Senior public servants to share ‘f-up’ stories as part of Innovation Month

By Stephen Easton

Thursday July 4, 2019

The Public Sector Innovation Network’s favourite month of the year has arrived, and the group has given itself a makeover in time for this year’s events for public servants, which are mostly in Canberra but with a few in Brisbane and one in Perth.

Gatherings on the Innovation Month official calendar include an afternoon all about learning from failure, with the first Australian Public Service F@#kup Night being hosted by the Department of Industry, Innovation and Science on July 25.

Attendees are promised “an afternoon of open and honest stories of the lessons learned from failure, told by three senior executives from the federal government” along with drinks and nibbles. This tantalising offer is only for government staff.

Running these events is now a service provided by a start-up that isn’t so shy about the name and essentially promises it has a formula for a fun night that can still be called professional development.
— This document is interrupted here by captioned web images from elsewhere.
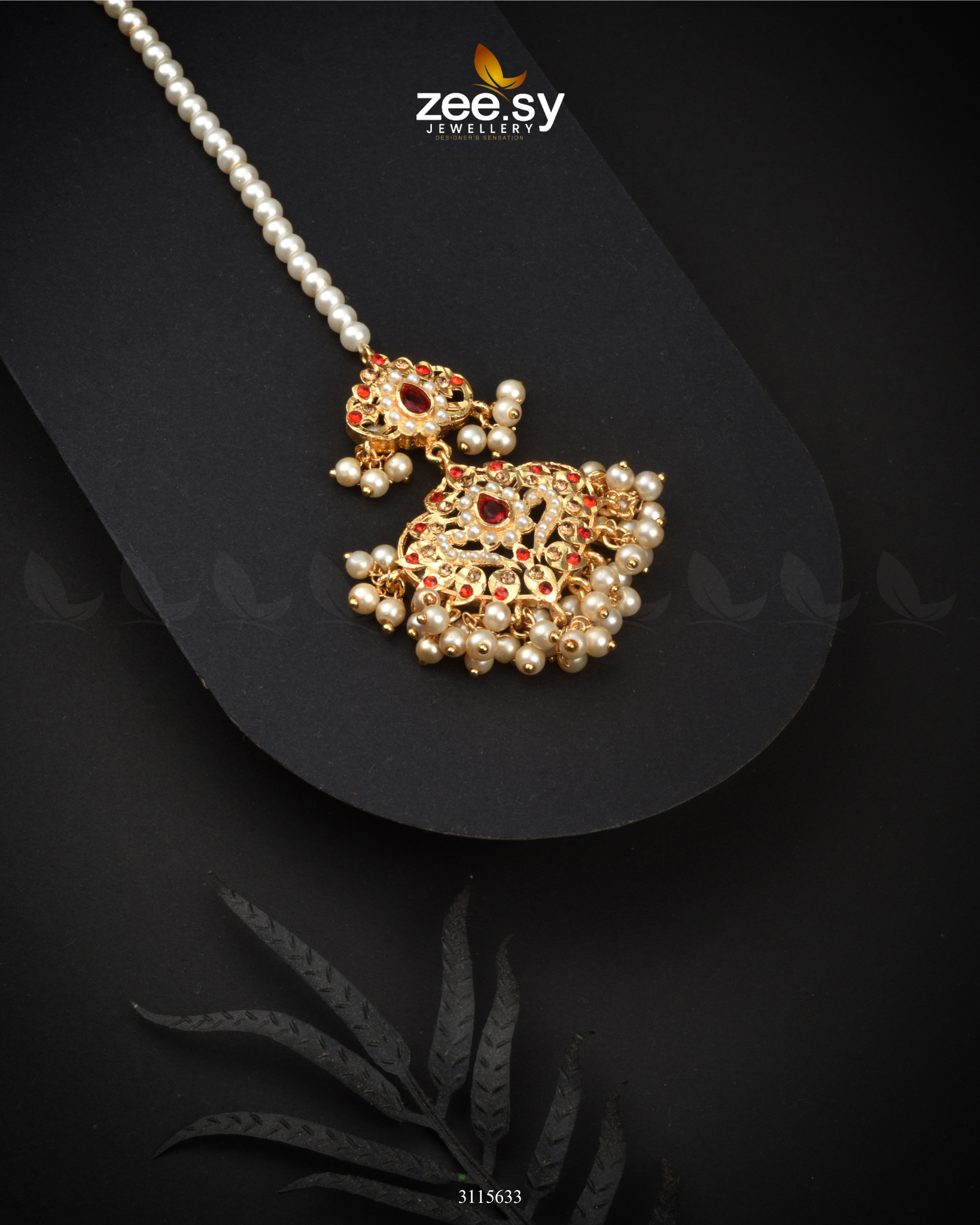 Sonali Bindiya Elegant Charm Red - Zeesy Jewellery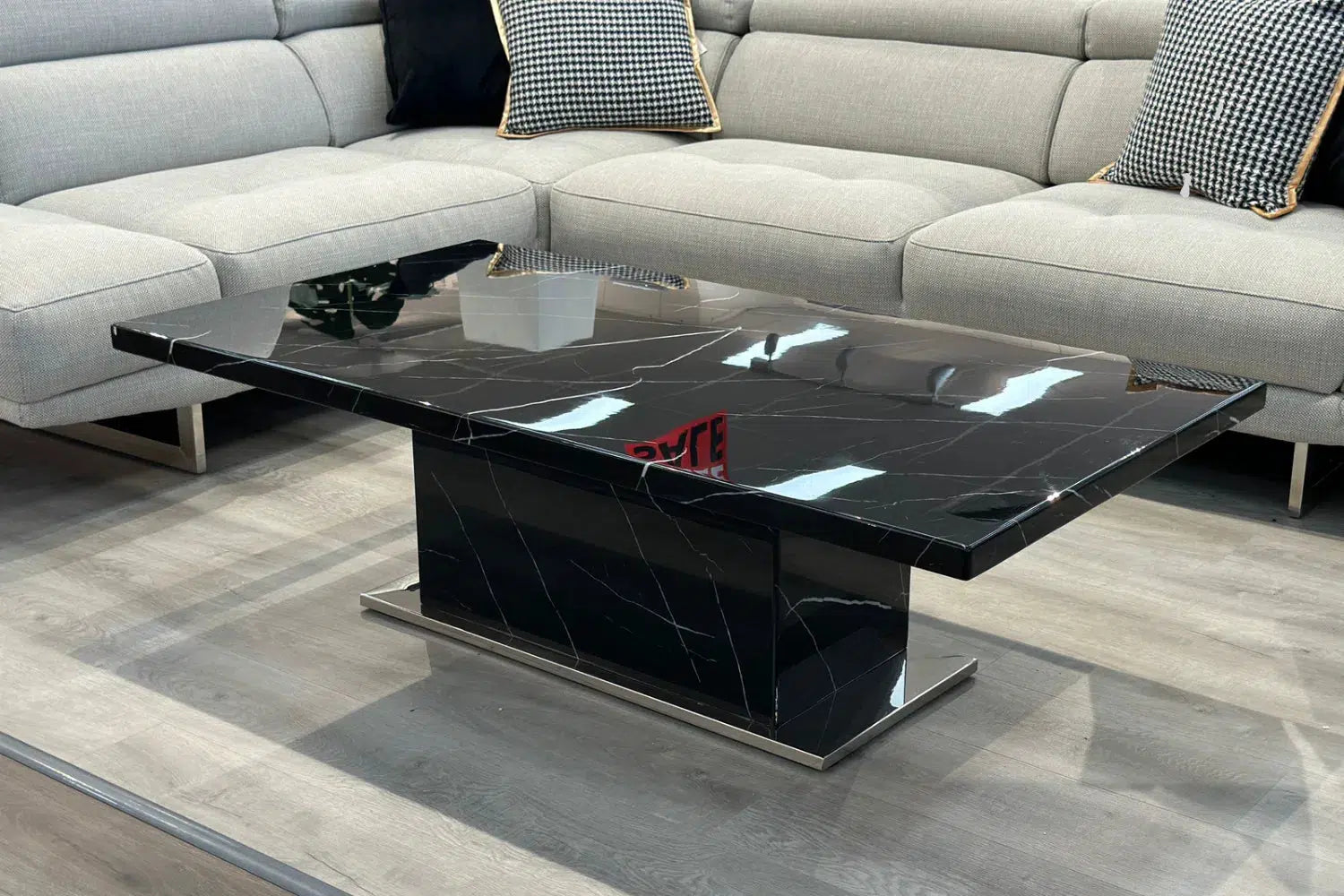 Tahana Black Coffee Table - Ex Display-Adore Home Living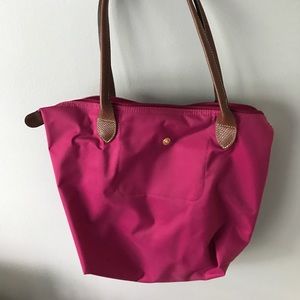 Small longchamp bag color pink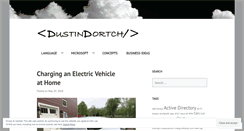 Desktop Screenshot of dustindortch.com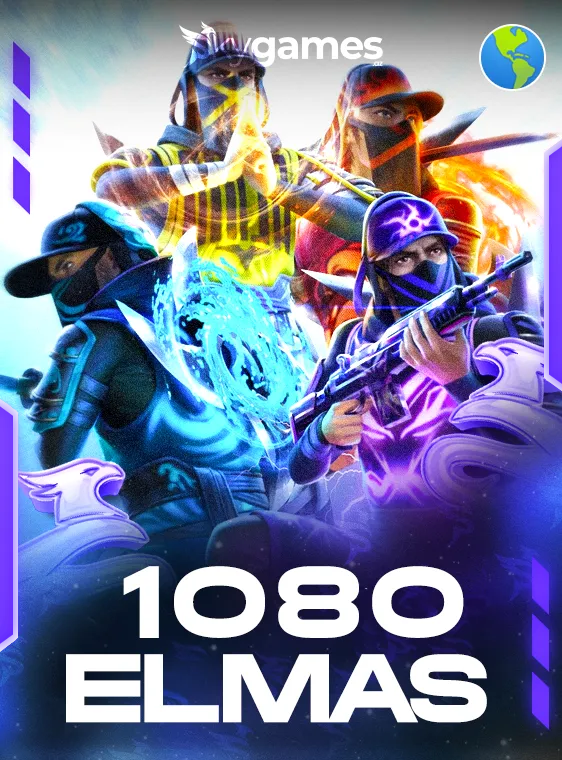 Free Fire 1080 Elmas LATAM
Janna McCann, the head of the department’s innovation unit BizLab, enthused about the concept earlier this year at the Public Sector Innovation Show conference.
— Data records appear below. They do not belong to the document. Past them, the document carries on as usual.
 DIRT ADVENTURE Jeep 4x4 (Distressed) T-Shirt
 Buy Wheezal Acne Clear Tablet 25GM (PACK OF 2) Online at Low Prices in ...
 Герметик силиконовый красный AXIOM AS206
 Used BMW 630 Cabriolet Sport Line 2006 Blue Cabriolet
“If we try new things, we will fail,” said DIIS deputy secretary Elizabeth Kelly, speaking at the Innovation Month launch this week, hosted by the Institute of Public Administration Australia at the Australian National University.
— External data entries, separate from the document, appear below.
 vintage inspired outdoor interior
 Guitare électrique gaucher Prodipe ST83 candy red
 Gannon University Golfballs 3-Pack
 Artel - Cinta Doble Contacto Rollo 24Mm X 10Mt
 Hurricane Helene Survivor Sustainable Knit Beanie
“Failing must not be feared. Whilst failing is not the objective, without failures we won’t learn.”

Click to enlarge: the Spark public service innovation network strategy and service offer.

She said the “f-up night” would be a chance to “exchange lessons in a really frank environment and learn valuable lessons from the failures in an informal setting” while highlighting some other possible outings for public service innovation enthusiasts like the Byte-sized Digital Summit hosted by the Digital Transformation Agency, and the presentation of this year’s Innovation Awards at the end of the month (see finalists below).

Innovation network rebrand

Kelly also unveiled the innovation staff network’s new yellow, grey and orange branding, with the name Spark, graphic design elements, and ideas about its strategy and service offer. Atop the phrase”Igniting possibilities” sits a mission statement:

“Our network inspires creative thinking to tackle modern day problems facing government. We empower members to accelerate change by providing the right knowledge, connections, and a space to learn from one another.”

The network, which is hosted by DIIS, has been rethinking its purpose.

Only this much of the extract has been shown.